Yaoundé, 22 septembre 2025. Ce lundi marque un triste anniversaire. Cinq ans jour pour jour que 36 sympathisants de l’opposition camerounaise croupissent derrière les barreaux de la prison de Kondengui à Yaoundé. Leur crime ? Avoir participé à des manifestations pacifiques. Cinq années d’une détention dénoncée comme arbitraire par Amnesty International et les défenseurs des droits humains, symbole d’une répression qui, loin de faiblir, s’intensifie à l’approche de l’élection présidentielle du 12 octobre.
Le 22 septembre 2020, plus de 500 personnes étaient interpellées lors de rassemblements organisés par le Mouvement pour la renaissance du Cameroun (MRC). Si la plupart ont été relâchées, 36 d’entre elles ont été traduites devant un tribunal militaire, une pratique vivement critiquée pour les civils. Condamnés à des peines de cinq à sept ans d’emprisonnement, ils purgent une peine que la justice internationale estime illégitime. « Les autorités camerounaises doivent immédiatement libérer ces personnes, qui n’ont commis aucun crime si ce n’est celui d’avoir exprimé leur opinion », a déclaré Marceau Sivieude, directeur régional d’Amnesty International pour l’Afrique de l’Ouest et l’Afrique centrale.
L’absurdité et la dureté de leur situation atteignent son paroxysme en cette fin septembre 2025 : 24 des détenus auront, en théorie, purgé la totalité de leur peine de cinq ans. Pourtant, ils ne sont pas libres. La Cour suprême, saisie par 36 recours depuis 2022, n’a statué sur aucun, une inertie que les avocats dénoncent comme une manœuvre délibérée. « On pourrait penser que le pouvoir judiciaire fait traîner les choses afin que les peines prononcées soient exécutées », déplore Me Hippolyte Meli Tiakouang, coordinateur du collectif de défense des détenus. L’état de santé de l’un d’eux, qui a subi trois AVC, n’a même pas suffi à obtenir une libération médicale.
En novembre 2022, le Groupe de travail des Nations Unies sur la détention arbitraire avait pourtant conclu que l’emprisonnement de 15 de ces militants était illégal. Un avis resté lettre morte. « Nous sommes profondément déçus que les autorités n’aient pas reconnu le caractère arbitraire de cette détention prolongée », regrette Marceau Sivieude.
Ce cas n’est malheureusement pas un vestige du passé. À quelques semaines du scrutin où le président Paul Biya, 92 ans et au pouvoir depuis 43 ans, brigue un huitième mandat, l’étau se resserre. Le 4 août dernier, au moins 54 sympathisants du MRC étaient arrêtés près du Conseil constitutionnel. Tous sont désormais sous le coup de poursuites pour « incitation à la révolte ». Le 9 août, un homme était emprisonné pour avoir publié des vidéos appelant à manifester, jugé par le tribunal militaire de Douala.

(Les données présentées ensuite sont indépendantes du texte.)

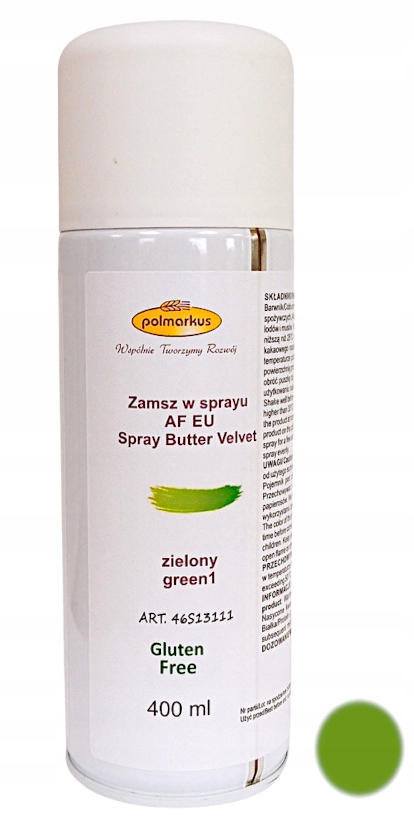 Levně Cukrářský semiš ve spreji Zelená narozeninová dekorace dort 400 ml Polmarkus
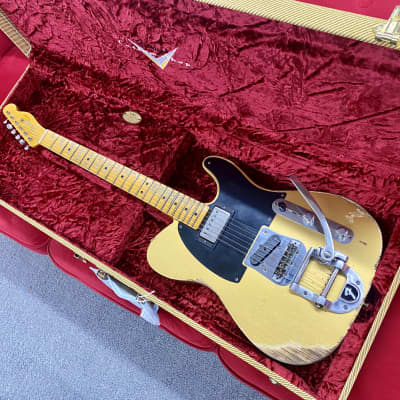 Fender Custom Shop '50s Vibra Telecaster Limited-Edition Heavy Relic Electric Guitar 2020 - Aztec Gold for sale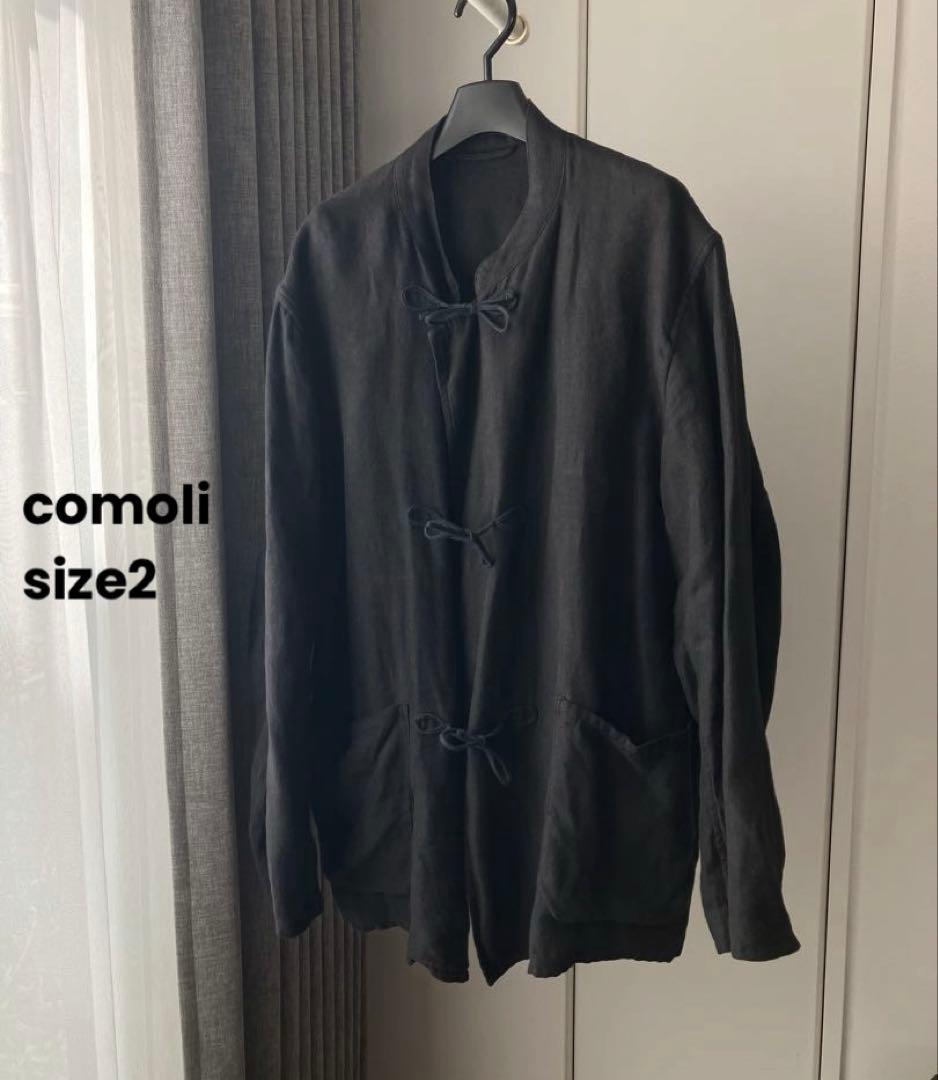 COMOLI コモリ　リネン起毛スタンドカラージャケット　ブラック2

« Ces dernières années, toute personne qui ose critiquer les autorités court le risque d’être arbitrairement arrêtée. Malheureusement, cette tendance s’accentue à l’approche de l’élection », alerte M. Sivieude. Alors que le pays a ratifié des chartes internationales garantissant les libertés fondamentales, la réalité sur le terrain est celle d’un espace civique en pleine régression. Cinq ans après leur arrestation, la libération des 36 détenus de Kondengui serait un premier pas vers le respect des droits humains. Mais dans un climat politique de plus en plus étouffant, cet acte de justice semble plus improbable que jamais.